═══ Given records

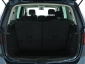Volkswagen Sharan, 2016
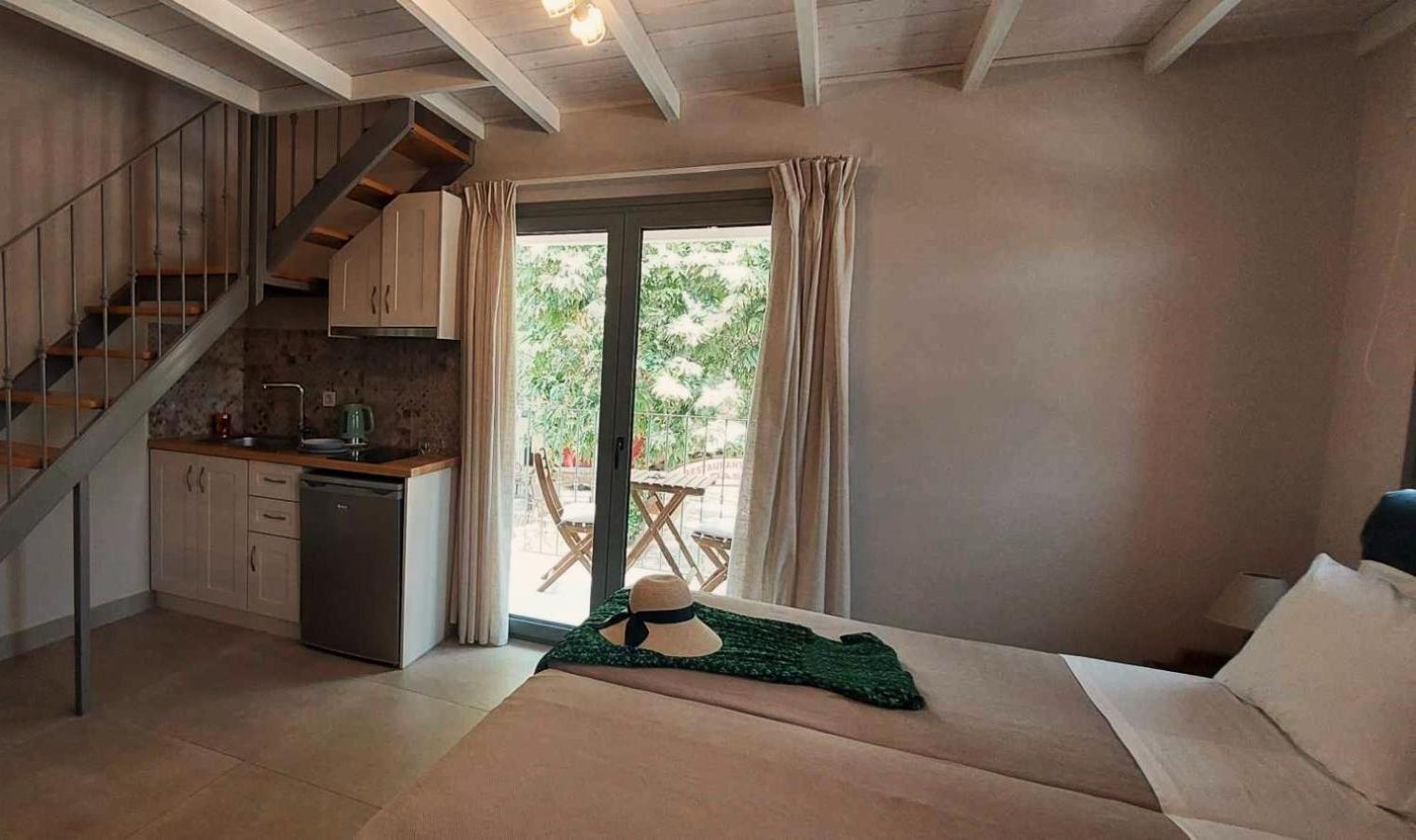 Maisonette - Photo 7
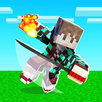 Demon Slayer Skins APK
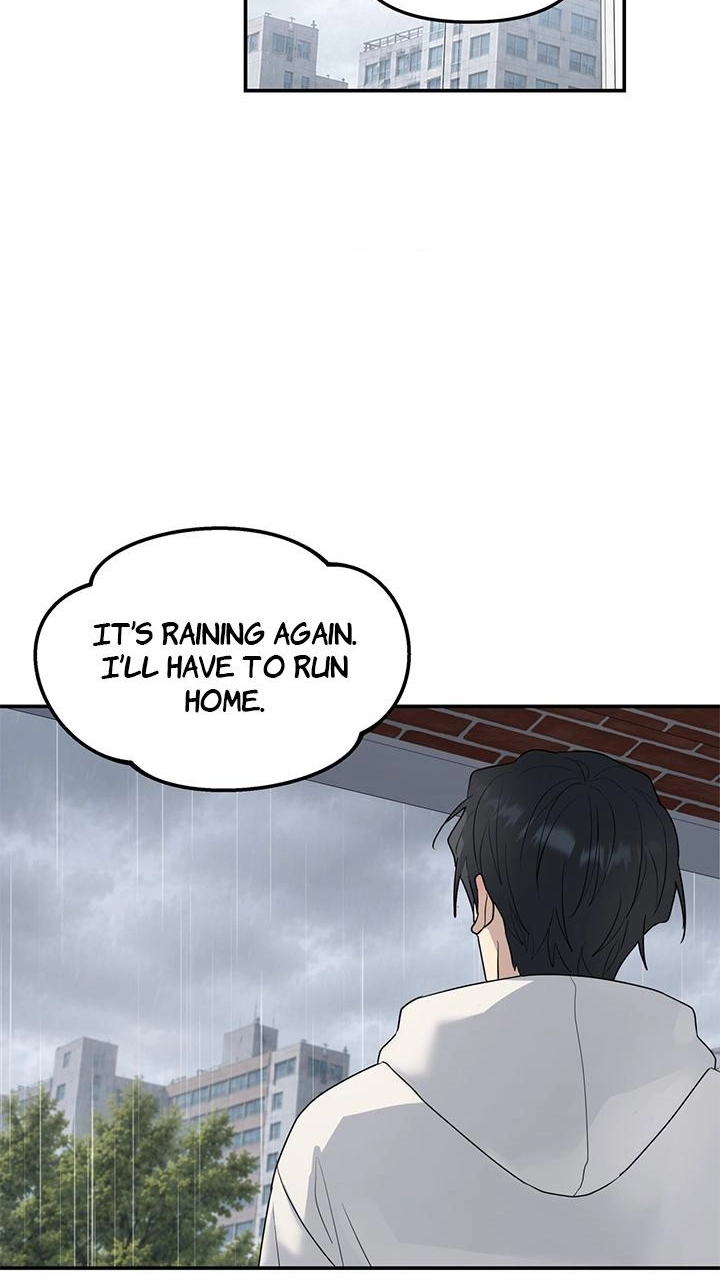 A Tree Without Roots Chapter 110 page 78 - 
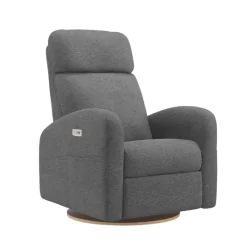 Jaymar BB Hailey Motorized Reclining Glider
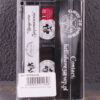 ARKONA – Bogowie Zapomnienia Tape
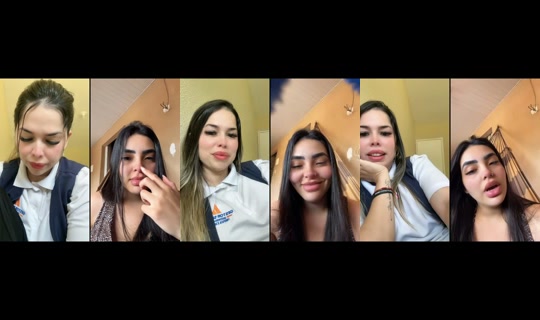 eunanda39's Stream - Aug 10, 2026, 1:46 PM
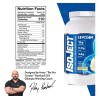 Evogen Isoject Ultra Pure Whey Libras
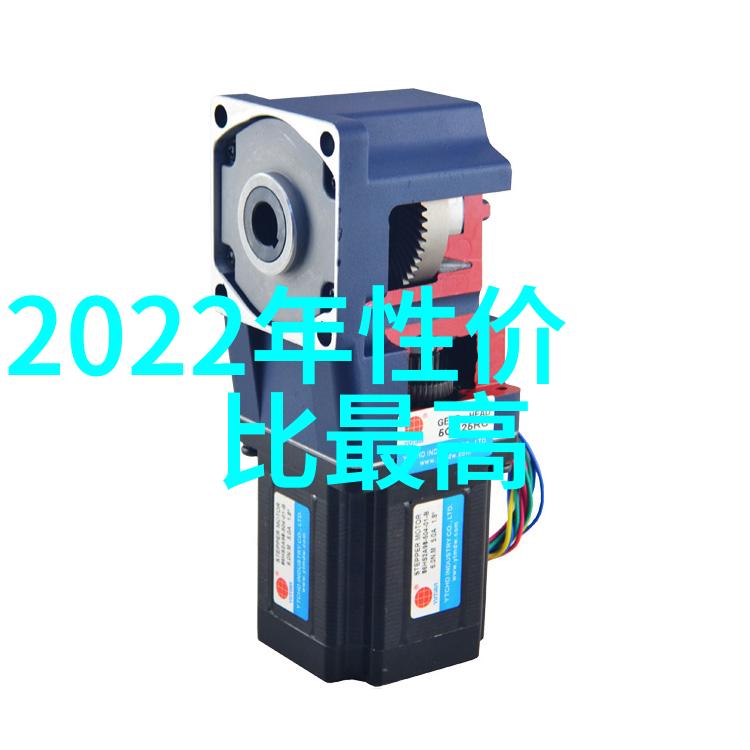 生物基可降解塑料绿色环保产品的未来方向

══════

Requirement:
Every line of the data above is to be set down exactly; the pictures are not.

Task output:
Volkswagen Sharan, 2016
 Maisonette - Photo 7
 Demon Slayer Skins APK
 A Tree Without Roots Chapter 110 page 78 - 
 Jaymar BB Hailey Motorized Reclining Glider
 ARKONA – Bogowie Zapomnienia Tape
 eunanda39's Stream - Aug 10, 2026, 1:46 PM
 Evogen Isoject Ultra Pure Whey Libras
 生物基可降解塑料绿色环保产品的未来方向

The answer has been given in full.